Mais contrairement aux agents de police ou de gendarmerie qui, employés par l’Etat, poursuivent une mission d’intérêt général, les agents de sécurités ne sont les gardiens que d’intérêts particuliers. En effet, les forces de police et de gendarmerie doivent veiller à protéger l’intégrité physique et les intérêts, ces derniers étant définis par la loi, de l’ensemble des citoyens de la République, sans distinction d’aucune sorte. Elles sont (sauf cas exceptionnellement graves) au service de la population et doivent rendre des comptes dans le cas contraire. A l’inverse les « vigiles » postés à l’entrée des magasins ne sont là que pour empêcher les vols, c’est à dire servir les intérêts directs de leur employeur. De plus, contrairement aux forces légales de police et de gendarmerie qui tirent leur capacité d’action du « monopole de la violence légitime de l’Etat », les agents de sécurité n’ont aucun droit particulier de plus que les « simples citoyens ». Lorsqu’un individu, vigile ou non, vous demande d’ouvrir votre sac, rien ne vous oblige à le faire. Le seul « pouvoir » de l’agent de sécurité est de pouvoir appeler la police et n’a surtout pas la possibilité de vous retenir.

Or, les vigiles n’hésitent pas à jouer sur l’ambiguïté de leur situation pour s’attribuer des droits qu’ils n’ont pas. Avec une tenue vestimentaire particulière composée d’épaulettes, de logo divers et de talkie-walkie…, la confusion avec un service particulier de la police est vite faite, d’autant plus si les individus ne sont pas informés de leurs droits. En employant un ton fortement directif, voire en donnant carrément des « ordres », l’agent de sécurité exerce sur l’individu une forme de violence dont il n’a ni le droit, ni la légitimité.

Il ne s’agit pas ici de pointer du doigt des individus mais un système qui favorise les atteintes quotidiennes aux libertés individuelles, et qui tend à se développer à mesure que l’Etat contracte les dépenses publiques en matière de sécurité publique.
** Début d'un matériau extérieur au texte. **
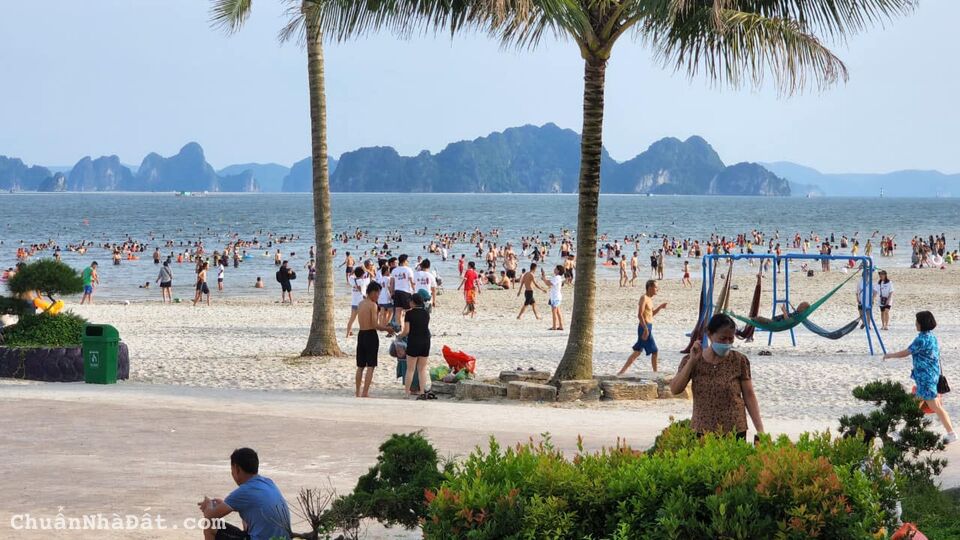 Mở bán LK37,LK38 dự án Phương Đông Vân Đồn - chiết khấu 10% + tặng 2 cây vàng LH: 0972.699.661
En laissant le vigile regarder dans son sac, les individus participent à la création d’une société de suspicion où la charge de la preuve est inversée, et où la présomption d’innocence n’existe plus (c’est à l’individu de prouver qu’il n’a rien volé). Dans Surveiller et Punir le philosophe Michel Foucault parlait d’un abaissement du « seuil de tolérance » en faveur d’un « registre extralégal », celui de la « discipline ». Commençons par tolérer l’ouverture du sac, on tolérera plus tard la surveillance généralisée sous prétexte que l’on « a rien à se reprocher » !

Pour ne pas laisser se développer une société compromettant nos libertés individuelles et collectives pour la seule faveur de la protection du capitalisme marchand, il nous faut résister. Résister individuellement d’abord en refusant d’obéir à des gens ne disposant d’aucune autorité supérieure au « simple citoyen », particulièrement s’ils cherchent à s’imposer par la violence physique, verbale et symbolique, et résister collectivement en poussant les pouvoirs publics à contrôler cette profession (ces professions), et en informant l’ensemble des citoyens sur l’ensemble des droits de chacun face aux abus de pouvoir. Résister aujourd’hui peut permettre d’éviter d’avoir des milices privées au service du capital demain, réprimant grèves et revendications populaires à loisir.